Health Minister John Main gave that update when he responded June 23 to recommendations in a March report from territorial information and privacy commissioner, Graham Steele.
Steele’s report concerned a doctor and colleague. An audit of the colleague’s records revealed the doctor had snooped through them for no legitimate reason over an 18-month period starting around May 2020.
Steele did not identify the doctor or colleague, or say where they were working, but called the incident a “profound” violation of personal privacy.
His report made several recommendations, including that the doctor be charged under the territory’s Access to Information and Protection of Privacy Act.
Steele acknowledged it would be unlikely that the territory would lay charges because jurisdiction is not well defined, the maximum $5,000 fine might not be worth the trouble, and there is a six-month limitation period.
Main cited that six-month limitation in his decision not to prosecute.
However, Main opened the door to creating an administrative penalty regime for privacy act offences.
Administrative penalties are commonly used in Canadian provinces and municipalities to enforce territorial and provincial laws and bylaws through fines and other deterrents.
Steele said he is aware prosecution is nearly impossible and he understands why the Health Department is not pursuing it.

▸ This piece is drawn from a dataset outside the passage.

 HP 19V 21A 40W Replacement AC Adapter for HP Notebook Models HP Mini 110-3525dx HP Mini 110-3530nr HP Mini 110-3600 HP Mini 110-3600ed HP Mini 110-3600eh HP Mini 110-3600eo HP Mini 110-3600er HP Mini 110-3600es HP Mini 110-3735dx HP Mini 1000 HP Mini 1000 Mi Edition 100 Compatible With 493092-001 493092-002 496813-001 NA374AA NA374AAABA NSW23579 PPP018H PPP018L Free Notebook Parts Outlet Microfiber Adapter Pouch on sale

“The privacy law needs more teeth,” Steele told Nunatsiaq News in an email.
“I’m happy to see the minister acknowledge that there’s a problem there, and he seems willing to work with me to see if we can improve the law.”
Steele also recommended the department develop a privacy “anti-intrusion plan,” start using software to identify “red-flag” behaviours in accessing medical records, and that the department identify someone to follow up on those red flags.
“The Department of Health accepts the majority of recommendations and has already completed some of the work,” stated Main in his response.
The department is updating its medical records software and has identified an individual to follow up on red flags.
Steele has previously recommended the department bolster privacy controls for medical records.
He raised the issue in 2020 after a similar privacy intrusion within the department. The minister committed at the time to update privacy protocols but, Steele said, three years later that work had still not begun.
Steele asked the Department of Health to update his office by the end of this year on its work to upgrade privacy controls, which Main said the department will do.
Main did not accept every recommendation.
He said the department will not develop a privacy anti-intrusion plan, instead deferring this work to the territorial government as a whole. Citing safety concerns, he also said the department will not modify its medical records system to block a particular user from accessing certain health records.
Where is the doctor?
It’s not clear whether or where the doctor at the centre of Steele’s report is still practising.
Nunavut’s licensing body continues to investigate the allegations.
In March, a Health Department spokesperson told Nunatsiaq News the Government of Nunavut had ended all its contracts with the doctor in question, who by then had left the territory.
The allegations have also been reported to the colleges of physicians in Ontario and Quebec, where the doctor is licensed to practice.
Nunatsiaq News has been unable to determine whether investigations have been opened in either province.